Another question of growing importance for women’s sports, as for men’s, is whether the scholarship funding allocated to sports is reaching the students who need it most. In men’s sports, stories like that of Chicago Bulls star Derrick Rose—who grew up in a gang-ridden neighborhood on Chicago’s South Side, but used basketball to escape to something better—highlight one of the potential strengths of the scholarship system. Women’s sports observers say that they see that narrative playing out less often on the women’s side than the men’s, largely because the ultimate goal is different. While men are using the college scholarship as a stepping stone to multi-million dollar professional contracts, women by and large have no such pot of gold to pursue. Instead, suggests Curtis, women are “more likely to get an education as they go through college.”

Common to the women’s and men’s versions of the scholarship-as-a-way-out, however, is the increasing problem of the price of admission. Many high-profile sports at the college level—notably basketball, soccer and volleyball among women’s sports—have elaborate and increasingly entrenched systems of club or AAU teams at the high school level that feed into those college teams. McQuillen, for example, notes that her daughter is playing AAU basketball as a fifth-grader; in her own youth, she says, AAU didn’t even start until 11th grade. Walton sees these expensive layers of pre-college training as a “structural barrier to athletes with harder backgrounds.” And while Curtis lauds the “middle income families [who] scrape together what they can afford” to help their daughters make it in a sport like volleyball, she recognizes that for women as for men, the money that goes into scholarships may sometimes go to the players who have spent enough money to get it.

Probably the most-debated negative side of Title IX is its effect on men’s sports. The law’s financial requirements are frequently cited by athletic directors as they cut men’s programs for which funding has run low. Carpenter says it’s an “inaccurate perception” that Title IX has decreased opportunities for male athletes. She sees athletic departments using the law as a “scapegoat for changes that have to be made anyway.” And for all that male athletes may grumble at the funding their sports no longer receive, they’re unlikely to be able to claim that women’s sports are getting more than their share.

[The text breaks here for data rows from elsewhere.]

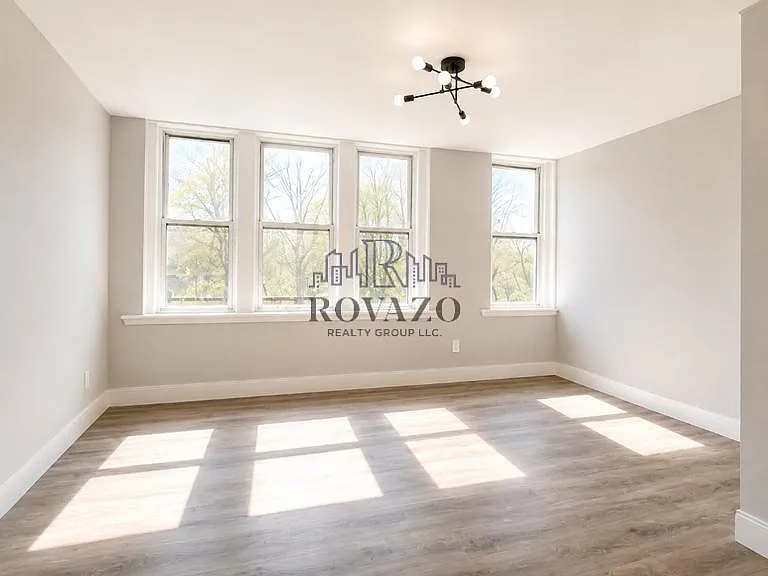 141 Park Ave — Photo 4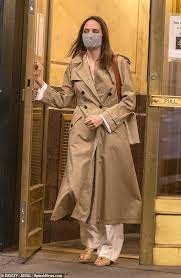 Полное имя — джонатан ли миллер (jonathan lee miller). Freedomroo Jonny Lee Miller Steps Out After Ex Wife Angelina Jolie Visited His Brooklyn Apartment With Wine Australiannewsreview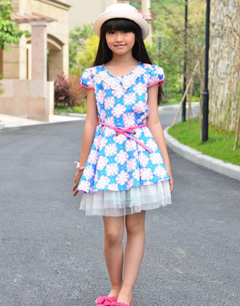 
青少年装搭配
![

Ultimately, Walton suggests, “there’s nothing about sport that’s positive or negative; it’s how sport is used that creates those outcomes.” Although Title IX’s introduction of sports opportunities for women has exposed them to some of the same dangers as male college athletes, it’s also given them the chance to learn the same positive lessons that male athletes can learn. Carter, the Yale basketball player, suggests that the advantages of Title IX’s sports provisions are worth the negatives that come with them. Commenting on the time commitment of playing a sport and the damage it may have done to her classwork, she says, “I think what I’ve gained from basketball is much more important than a few better grades.”